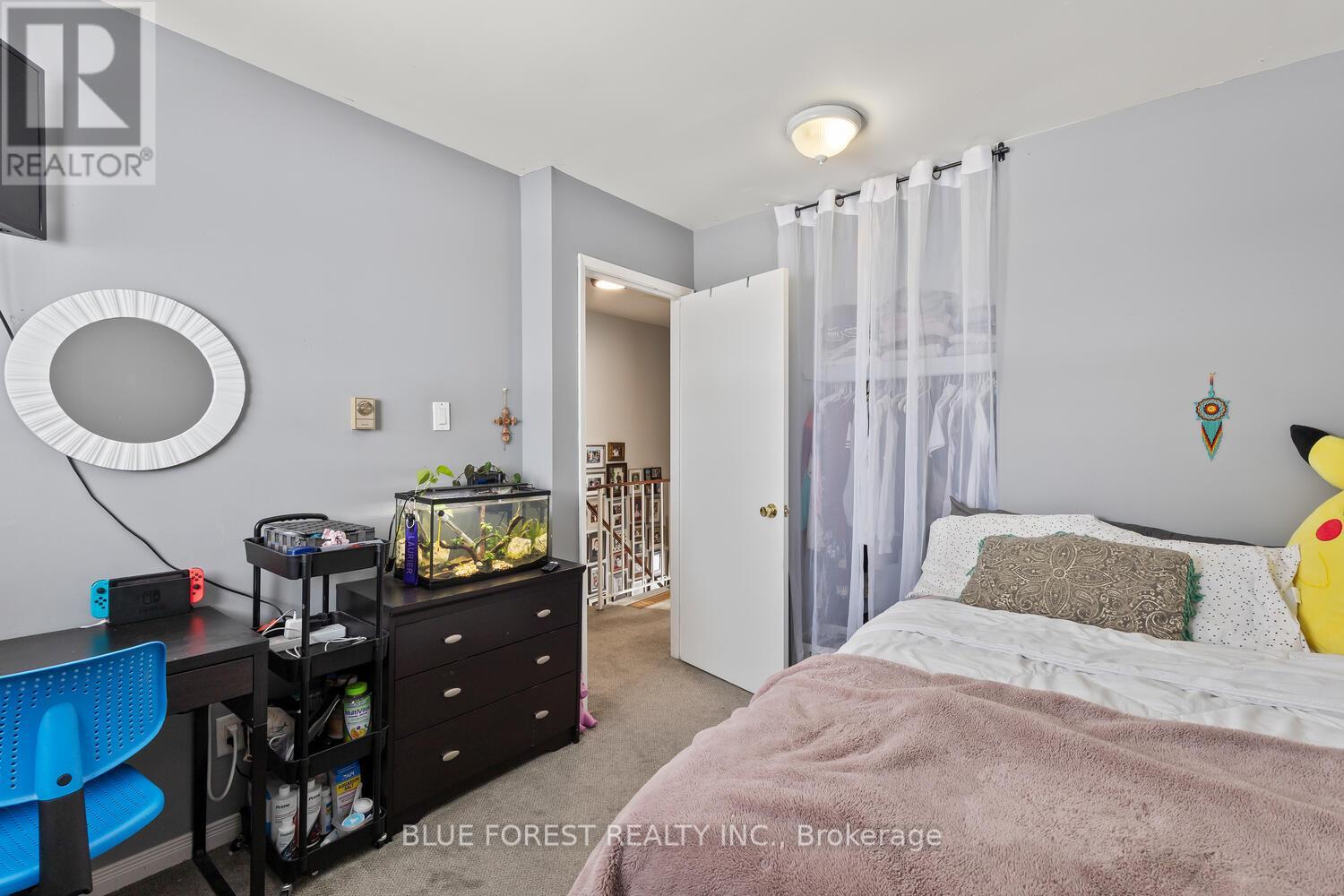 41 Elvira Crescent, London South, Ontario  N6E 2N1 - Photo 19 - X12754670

==

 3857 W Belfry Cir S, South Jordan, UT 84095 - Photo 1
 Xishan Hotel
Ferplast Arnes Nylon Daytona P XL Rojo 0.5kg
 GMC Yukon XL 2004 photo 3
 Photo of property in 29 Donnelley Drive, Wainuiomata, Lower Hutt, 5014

What is needed:
Everything from the line with "3857 W Belfry" through the line with "Photo of property" in the listing above must be retyped exactly, with nothing added.

Result of this task:
 3857 W Belfry Cir S, South Jordan, UT 84095 - Photo 1
 Xishan Hotel
Ferplast Arnes Nylon Daytona P XL Rojo 0.5kg
 GMC Yukon XL 2004 photo 3
 Photo of property in 29 Donnelley Drive, Wainuiomata, Lower Hutt, 5014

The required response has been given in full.